_What you need to do_
Everything in the records below from the line containing "Here is a question: a" through the line containing "Remember that in" is to be reproduced exactly, those two lines included; no picture is to be copied.

_Record excerpts_

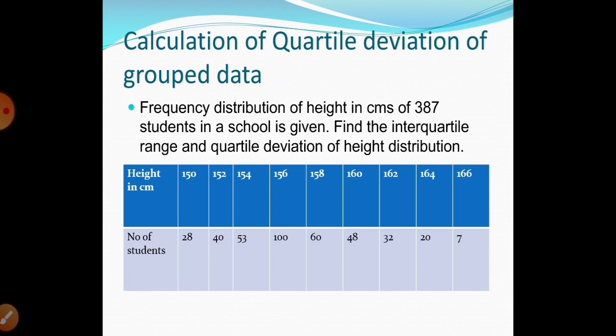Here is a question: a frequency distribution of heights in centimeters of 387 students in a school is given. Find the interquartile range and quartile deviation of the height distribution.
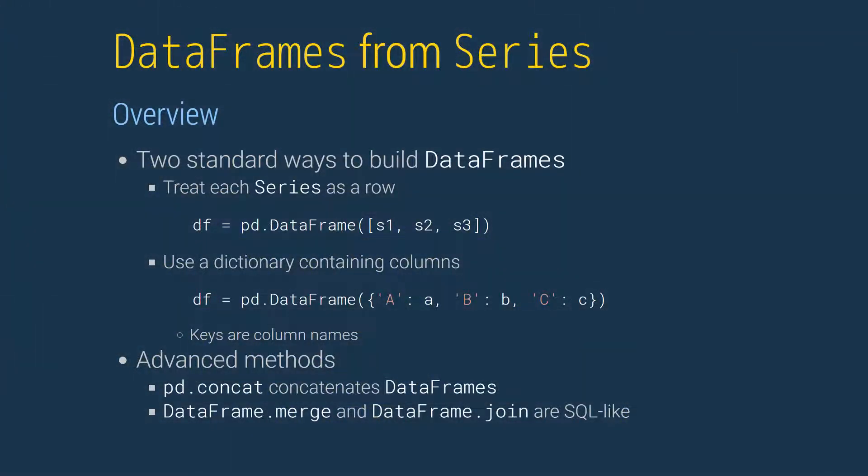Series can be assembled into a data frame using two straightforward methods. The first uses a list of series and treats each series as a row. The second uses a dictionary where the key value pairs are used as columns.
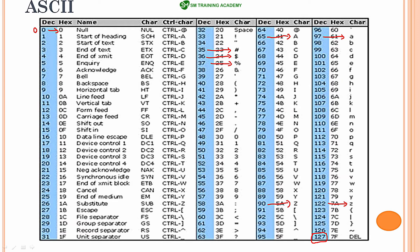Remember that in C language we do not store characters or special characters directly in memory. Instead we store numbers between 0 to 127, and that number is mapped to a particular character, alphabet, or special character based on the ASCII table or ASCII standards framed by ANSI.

* * *

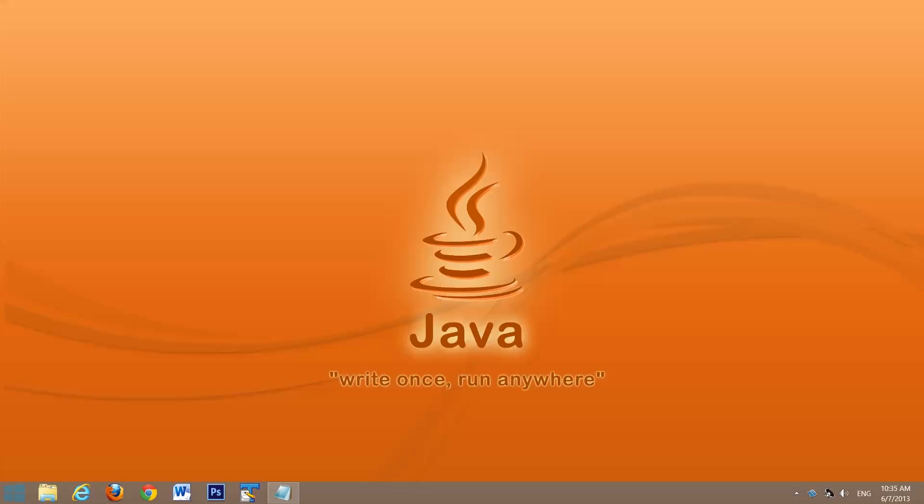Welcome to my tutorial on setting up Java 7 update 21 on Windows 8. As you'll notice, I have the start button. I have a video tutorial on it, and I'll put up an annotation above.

_Result of this exercise_
Here is a question: a frequency distribution of heights in centimeters of 387 students in a school is given. Find the interquartile range and quartile deviation of the height distribution.
Series can be assembled into a data frame using two straightforward methods. The first uses a list of series and treats each series as a row. The second uses a dictionary where the key value pairs are used as columns.
Remember that in C language we do not store characters or special characters directly in memory. Instead we store numbers between 0 to 127, and that number is mapped to a particular character, alphabet, or special character based on the ASCII table or ASCII standards framed by ANSI.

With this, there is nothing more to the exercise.